WHAT YOU ARE ASKED TO DO:
The answer must consist of every line in the records that contains the word "which".

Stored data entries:
################

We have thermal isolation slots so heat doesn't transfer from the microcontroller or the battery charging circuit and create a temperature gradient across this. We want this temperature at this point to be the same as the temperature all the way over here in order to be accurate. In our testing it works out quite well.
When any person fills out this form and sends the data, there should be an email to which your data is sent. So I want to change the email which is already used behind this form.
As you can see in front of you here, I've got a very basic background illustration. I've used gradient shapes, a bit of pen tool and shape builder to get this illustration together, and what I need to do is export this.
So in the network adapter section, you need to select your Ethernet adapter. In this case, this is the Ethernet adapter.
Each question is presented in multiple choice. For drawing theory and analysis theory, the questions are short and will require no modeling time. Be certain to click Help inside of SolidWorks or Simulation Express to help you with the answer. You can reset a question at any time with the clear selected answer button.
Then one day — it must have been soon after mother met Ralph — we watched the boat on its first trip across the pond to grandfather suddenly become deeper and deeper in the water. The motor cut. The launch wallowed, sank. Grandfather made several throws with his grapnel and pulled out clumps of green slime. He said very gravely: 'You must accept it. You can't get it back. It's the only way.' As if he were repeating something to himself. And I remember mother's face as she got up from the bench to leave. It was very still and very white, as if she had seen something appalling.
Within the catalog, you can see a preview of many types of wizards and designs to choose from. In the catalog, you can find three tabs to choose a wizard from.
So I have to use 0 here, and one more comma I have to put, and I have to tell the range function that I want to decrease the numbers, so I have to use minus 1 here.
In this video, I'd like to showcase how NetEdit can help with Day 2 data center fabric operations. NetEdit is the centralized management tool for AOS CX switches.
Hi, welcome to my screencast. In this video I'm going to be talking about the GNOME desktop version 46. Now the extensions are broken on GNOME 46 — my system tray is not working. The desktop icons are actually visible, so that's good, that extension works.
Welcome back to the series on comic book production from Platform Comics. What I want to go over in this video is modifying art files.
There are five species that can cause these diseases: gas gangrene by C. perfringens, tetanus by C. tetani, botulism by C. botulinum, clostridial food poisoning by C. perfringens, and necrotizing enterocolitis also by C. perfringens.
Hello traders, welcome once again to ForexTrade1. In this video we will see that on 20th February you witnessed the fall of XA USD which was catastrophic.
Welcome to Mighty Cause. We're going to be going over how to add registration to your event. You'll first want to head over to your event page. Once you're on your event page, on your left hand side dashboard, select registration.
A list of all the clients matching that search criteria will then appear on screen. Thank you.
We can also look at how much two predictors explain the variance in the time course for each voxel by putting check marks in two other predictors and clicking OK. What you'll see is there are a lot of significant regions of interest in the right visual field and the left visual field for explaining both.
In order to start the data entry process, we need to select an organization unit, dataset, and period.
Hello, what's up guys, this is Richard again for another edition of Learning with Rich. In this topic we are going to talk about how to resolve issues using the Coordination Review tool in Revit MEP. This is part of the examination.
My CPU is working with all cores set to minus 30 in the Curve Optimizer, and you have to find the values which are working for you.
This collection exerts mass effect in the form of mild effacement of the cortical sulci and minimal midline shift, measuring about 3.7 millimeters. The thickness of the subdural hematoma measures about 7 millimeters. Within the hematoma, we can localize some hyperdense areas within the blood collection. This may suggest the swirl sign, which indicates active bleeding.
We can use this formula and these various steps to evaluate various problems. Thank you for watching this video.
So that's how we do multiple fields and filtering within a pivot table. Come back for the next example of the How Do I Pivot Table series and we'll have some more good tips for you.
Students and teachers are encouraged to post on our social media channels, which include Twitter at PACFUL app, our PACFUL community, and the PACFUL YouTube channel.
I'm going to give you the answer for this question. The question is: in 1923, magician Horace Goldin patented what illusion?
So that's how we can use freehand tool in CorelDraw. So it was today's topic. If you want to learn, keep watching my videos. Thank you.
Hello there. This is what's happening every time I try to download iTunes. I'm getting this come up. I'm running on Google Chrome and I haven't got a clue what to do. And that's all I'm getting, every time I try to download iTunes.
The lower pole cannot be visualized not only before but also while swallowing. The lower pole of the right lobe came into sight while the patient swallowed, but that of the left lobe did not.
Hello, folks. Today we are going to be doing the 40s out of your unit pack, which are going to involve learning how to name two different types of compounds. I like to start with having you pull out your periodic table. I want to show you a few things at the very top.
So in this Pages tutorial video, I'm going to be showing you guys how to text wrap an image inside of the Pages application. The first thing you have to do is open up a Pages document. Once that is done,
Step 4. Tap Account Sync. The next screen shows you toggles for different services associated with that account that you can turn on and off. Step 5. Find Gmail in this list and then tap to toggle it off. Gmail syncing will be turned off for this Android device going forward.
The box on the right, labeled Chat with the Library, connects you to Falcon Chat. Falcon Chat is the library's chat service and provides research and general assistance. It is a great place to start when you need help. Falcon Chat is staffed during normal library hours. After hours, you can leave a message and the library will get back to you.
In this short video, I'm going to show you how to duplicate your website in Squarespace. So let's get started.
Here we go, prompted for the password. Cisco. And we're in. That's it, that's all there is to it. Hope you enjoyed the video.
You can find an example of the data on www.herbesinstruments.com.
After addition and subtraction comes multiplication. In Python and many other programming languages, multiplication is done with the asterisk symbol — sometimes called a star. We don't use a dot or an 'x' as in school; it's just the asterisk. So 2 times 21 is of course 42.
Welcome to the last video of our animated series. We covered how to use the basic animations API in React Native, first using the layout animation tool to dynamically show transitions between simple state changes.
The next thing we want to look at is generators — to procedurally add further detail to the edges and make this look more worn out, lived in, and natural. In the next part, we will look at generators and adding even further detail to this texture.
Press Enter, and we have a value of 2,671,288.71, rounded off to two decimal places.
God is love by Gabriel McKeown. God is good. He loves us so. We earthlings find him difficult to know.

################

TASK RESULT:
When any person fills out this form and sends the data, there should be an email to which your data is sent. So I want to change the email which is already used behind this form.
Hello traders, welcome once again to ForexTrade1. In this video we will see that on 20th February you witnessed the fall of XA USD which was catastrophic.
My CPU is working with all cores set to minus 30 in the Curve Optimizer, and you have to find the values which are working for you.
This collection exerts mass effect in the form of mild effacement of the cortical sulci and minimal midline shift, measuring about 3.7 millimeters. The thickness of the subdural hematoma measures about 7 millimeters. Within the hematoma, we can localize some hyperdense areas within the blood collection. This may suggest the swirl sign, which indicates active bleeding.
Students and teachers are encouraged to post on our social media channels, which include Twitter at PACFUL app, our PACFUL community, and the PACFUL YouTube channel.
Hello, folks. Today we are going to be doing the 40s out of your unit pack, which are going to involve learning how to name two different types of compounds. I like to start with having you pull out your periodic table. I want to show you a few things at the very top.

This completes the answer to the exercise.